When I look to the word theopneustos, I find the word and the concept awe-inspiring. Theo for God and pneustos for breathed means a vision of how God moves and exists that includes bringing creation into existence. Theopneustos makes me think of the Spirit, as the Breath of God, moving over the void at the beginning of all things. Out of disorder and emptiness, creation was birthed and shaped. God's whole self poured out in breath (Spirit) and then in Word ("Let there be..."). Thus, the reality of theopneustos has existed since before any human was present to interpret it.
That being said, what does it mean for Breath and Word to come to a prophet (or an apostle)? In Geraldine Brooks's The Secret Chord, the prophet Nathan experiences near blackout states when he is called upon to speak to David. His body and his speech are overtaken and his voice becomes not his own. In this depiction, his prophecies are clearly God-breathed. Given some of the things that Nathan is called upon to address with David, surely the strength and the words needed to come from outside himself. Did they always? I don't know.
In writing for preaching, I sometimes have a strong bodily awareness of what I meant to say. I describe it as a piercing of my heart. I have a sense of what is meant to be said and, in the best times, the words come in close connection to the piercing. Sometimes the idea comes, but I have to wait for the words.
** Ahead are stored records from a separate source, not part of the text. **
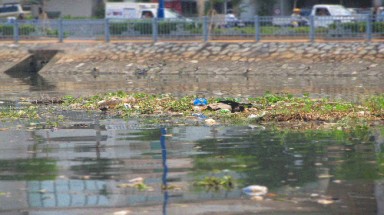 Các kênh thoát nước quan trọng nhất TP bị “đầu độc”
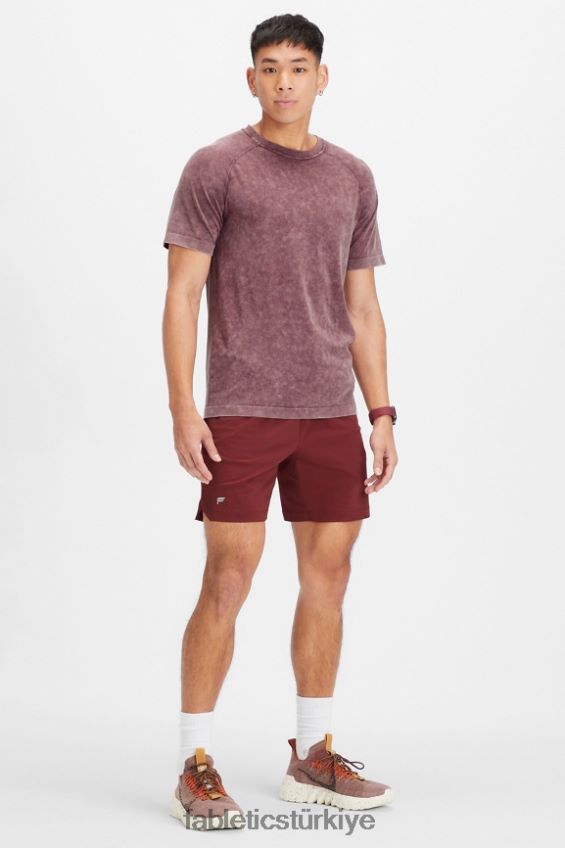 tr Fabletics erkekler eğitim günü tişörtü 177 yıkanmış öküz kanı 40R06B3476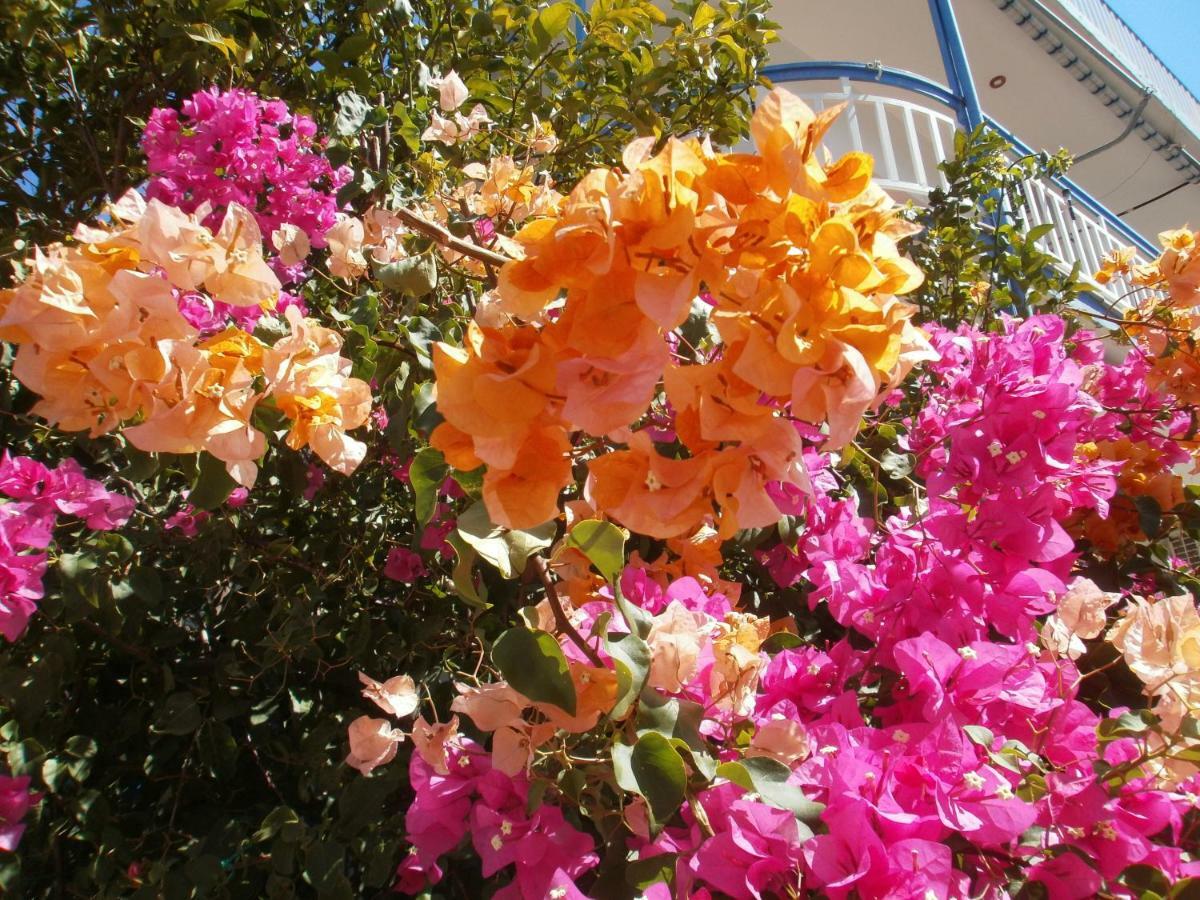 Seaview - Selfcatering Apartment - Helen No 2 Xiropigado Exterior foto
When I have to deliver a sermon that has come in this way, I tremble before delivery because I know the concept is not mine. I don't want to mess up or try to take credit for what God is trying to do or what I have perceived that God is trying to do.
In these two examples, Nathan and me (never heretofore mentioned in the same sentence), God is delivering a word. There is a revelation of what the Spirit wants to be communicated and it is in keeping with who Jesus is and God's on-going self-revelation. Nothing a prophet or preacher is called to say, if it is truly of God, will contradict the nature of God- even the most intense and life-changing revelation.
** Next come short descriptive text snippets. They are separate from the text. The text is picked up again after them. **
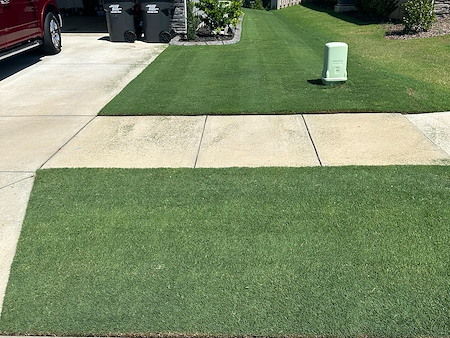 When Should You Fertilize Your Lawn in Savannah, Georgia?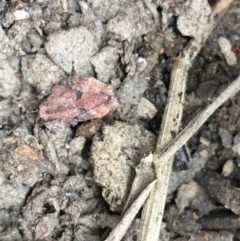 Tetrigidae (family) at Googong Reservoir - 14 Jun 2021 12:06 PM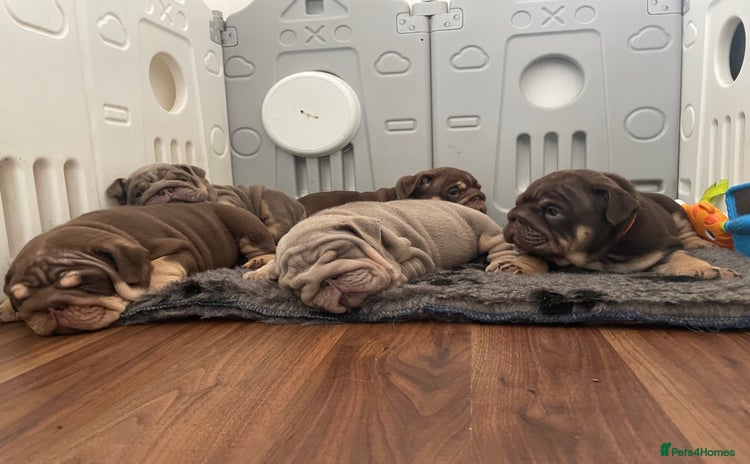 English Bulldog dogs - Advert 10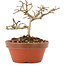 Lagerstroemia indica, 8,5 cm, ± 4 years old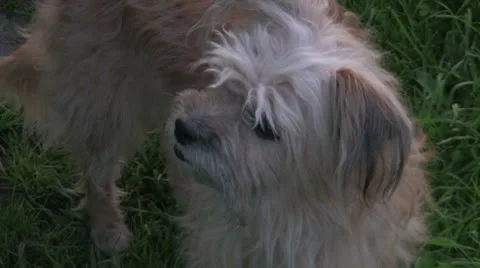 Small dog Vídeo Stock 10738625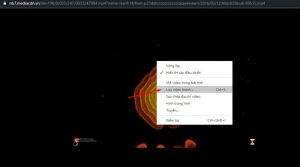 Download video bằng F12 - 4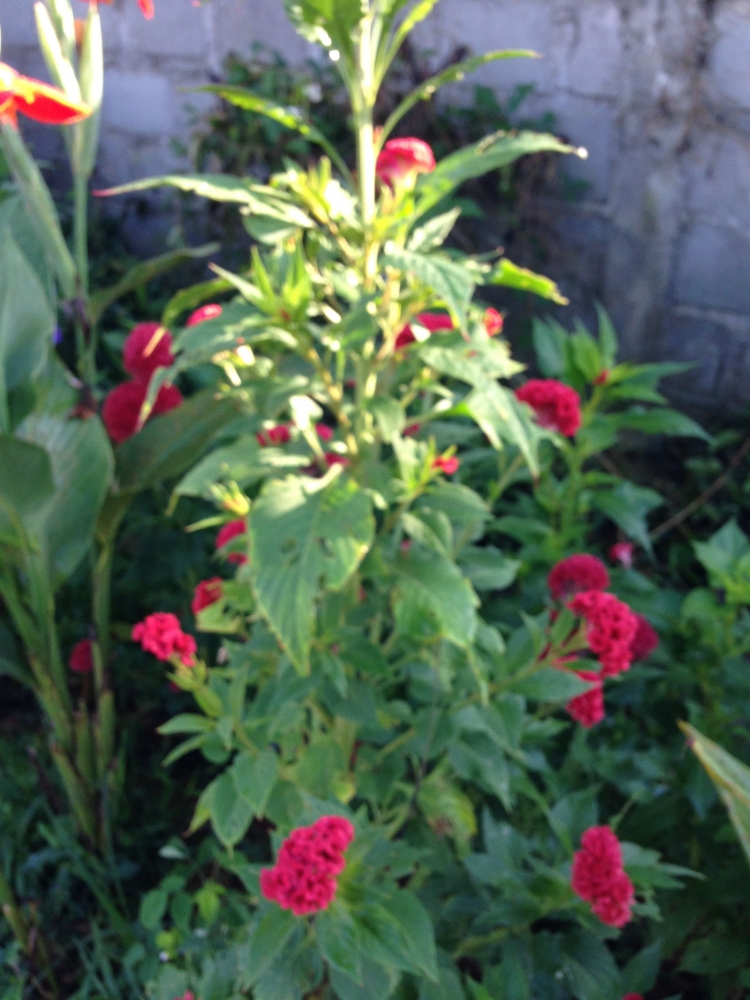 Tanaman Jengger Ayam Yang Menawan Halaman 1 Kompasiana Com Tanaman Jengger Ayam Yang Menawan Halaman 1 Kompasiana Com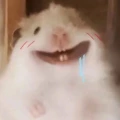 下次一定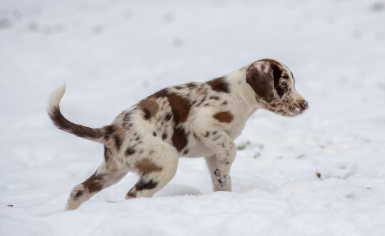 강아지 종합검진관련사진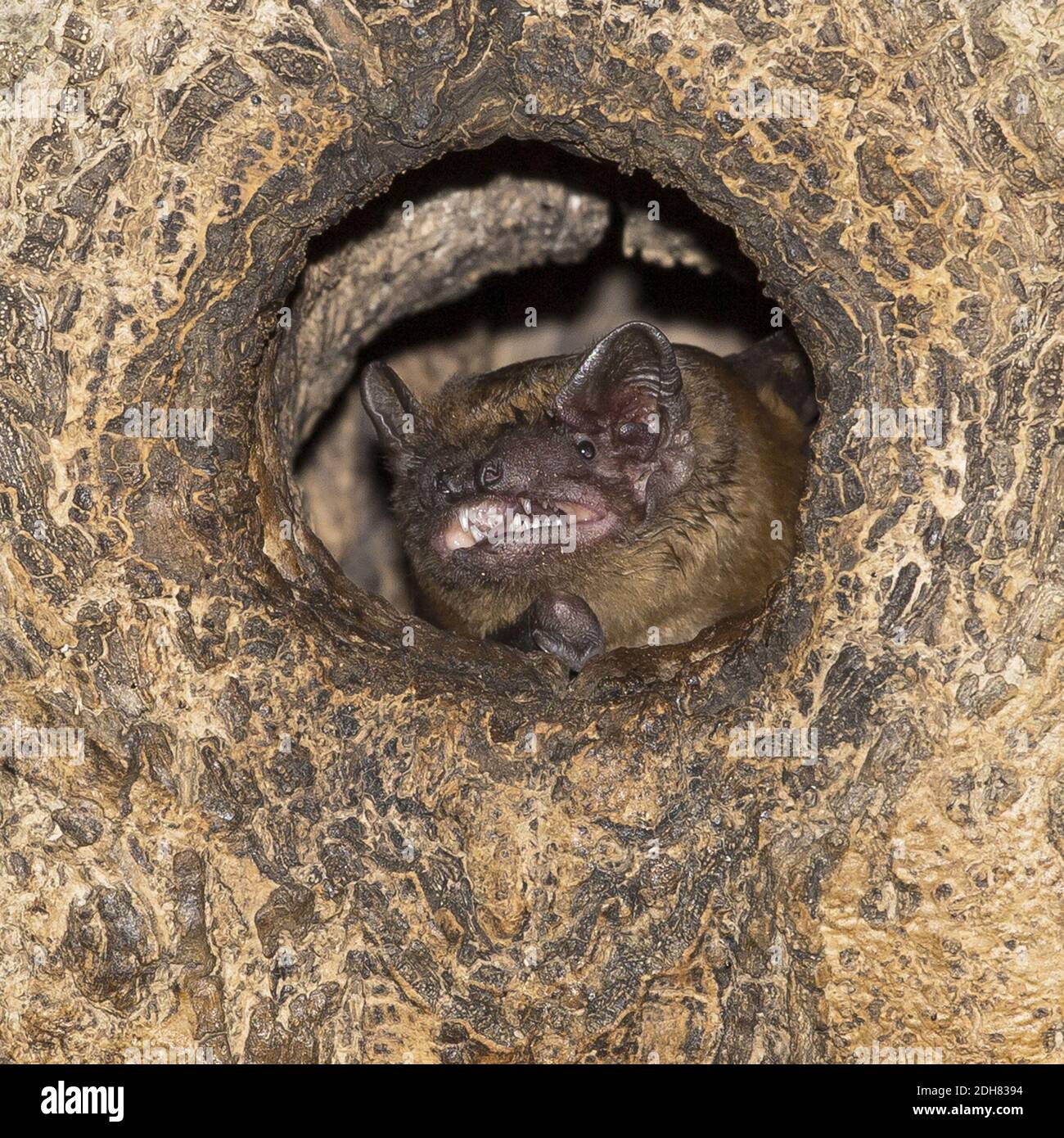 noctule (Nyctalus noctula), calling from tree hole, Netherlands Stock Photo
That being said, neither Nathan nor I can testify to something we are unable to perceive. So, it is true that God inspires and gives revelation, but said revelation and inspiration, in my opinion, is likely only half-steps ahead of where we are as people. Thus, it seems unlikely that Nathan would have received inspiration for where the capital of England should be or that I will receive inspiration for how to terraform Saturn. Those are not revelations that are meaningful or relevant to the situations to which we have been called.
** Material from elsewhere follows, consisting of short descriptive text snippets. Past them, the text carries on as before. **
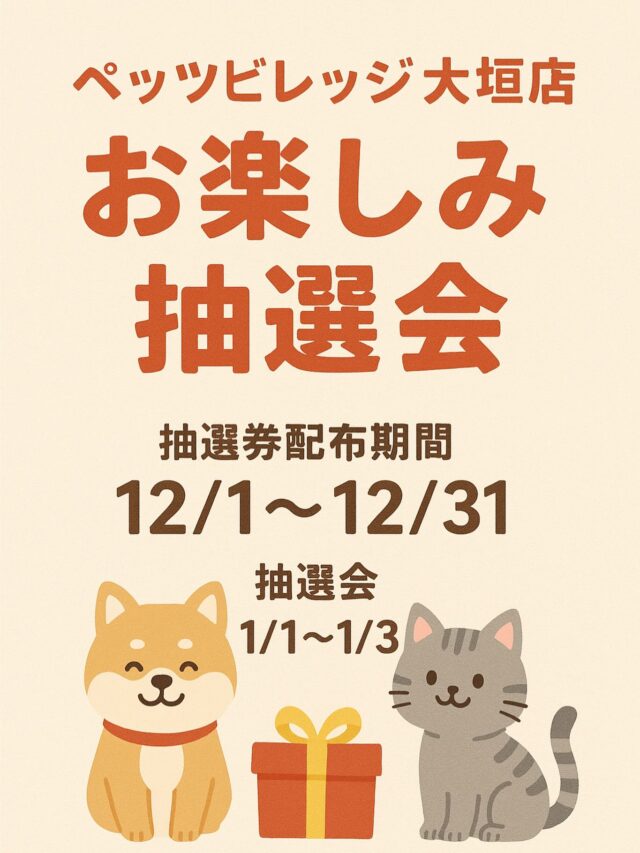 🎁【年末年始 抽選会イベントのお知らせ】🎁

今年もお楽しみ抽選会を開催いたします🎉
12/1〜12/31の期間中、ご利用内容に応じて“抽選券”をお渡しします❗️
抽選、景品お引き換えは1/1〜1/31の間に引き換えとなっています❗️

—— 抽選券配布条件 ——

① 前回ご来店から45日以内のお客様
シャンプーコース または シャンプーカットコースご利用で【抽選券1枚】

② ①のお客様
・オプションメニュー＋当店取扱の物販商品のご利用合計【2,000円ごとに1枚】

③ 部分美容でご来店のお客様
・一部の部分美容オプション（デンタル／レイキング／肉球クリーム）＋当店取扱の物販商品の合計【2,000円ごとに1枚】

—— 期間 ——
📌 抽選券配布：12/1〜12/31
📌 抽選会・景品引き換え：1/1〜1/31

🎁景品一例
・商品券
・ベッド
・ドッグフード
・おもちゃ
・おやつ
・割引券
等

ご来店のたびにチャンスが広がります。ぜひこの機会にご利用ください‼️

⭐︎年末はトリミングのご予約が大変混み合いますので、お早めにご予約をお取りください！

⭐︎年内は休まず営業いたします。

⭐︎新規のお客様のご予約も受付中です。
※1年以内に接種した狂犬病予防、混合ワクチンの接種証明書が必要です。

⭐︎2026年1月1日は営業をお休みさせていただきます。
⭐︎年始は1月2日より営業いたします。

#トリミングサロン#アピタ大垣#ペッツビレッジ大垣店トリミング室 #アクアウォーク大垣 #大垣市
When scribes were writing Judges or Paul was writing to the Philippians or Revelation was being written for the encouragement of the early church, it does seem likely that theopneustos was at work. God breathed words and guidance for the authors to offer to their audiences. While it is with God's nature to know how long Paul's letters would last, it was not within Paul's capabilities to write for the ages. So God gave him words that were true for the time being and would be useful, alongside the Holy Spirit, for generations to come.
Of course, when we think of scripture, we think of the editors, the redactors, the translators, the scribes, and the church fathers and mothers who prayed about what to keep in the canon and what to reject. While the Spirit certainly guided all this work, human fallibility is unavoidable. In the best of circumstances, small unintended mistakes were made. In the worst of circumstances, intentional errors were made or kept for the purposes of preserving this or that human understanding or institution.
Therefore, in its initial imprint, the scripture was breathed by God for teaching, admonition, correction, and training in righteousness all toward the end of instructing us toward understanding salvation and living lives which demonstrate that we belong to God (2 Timothy 3:16).
Since that initial writing or prophesying, however, many people have entered the process. Most people have had good intentions toward sharing the word of God, but others have been less pure in heart. It is true that God is still speaking. The Word has not retired nor has the Spirit stopped moving. We are led constantly into relationship with the written word for the purposes of teaching, admonition, etc. to the same ends as those who receive guidance from the author of 2 Timothy. We use the Bible as a tool to understand God, to know God's history, and to be pointed to where and how God is still at work in the world and leading the faithful to participation in that work.
In my opinion, when and where it is argued that the written word is infallible, such arguments attempt to steal the air out of theopneustos. The written word can be inspired, useful, important, and necessary, but it is not and never will be God. Furthermore, God is bigger than our translation mistakes, printing errors, and personal whims tied to time and place. God's desires for creation are truth and the truth will out. And it will set us free. Theopneustos cannot be contained.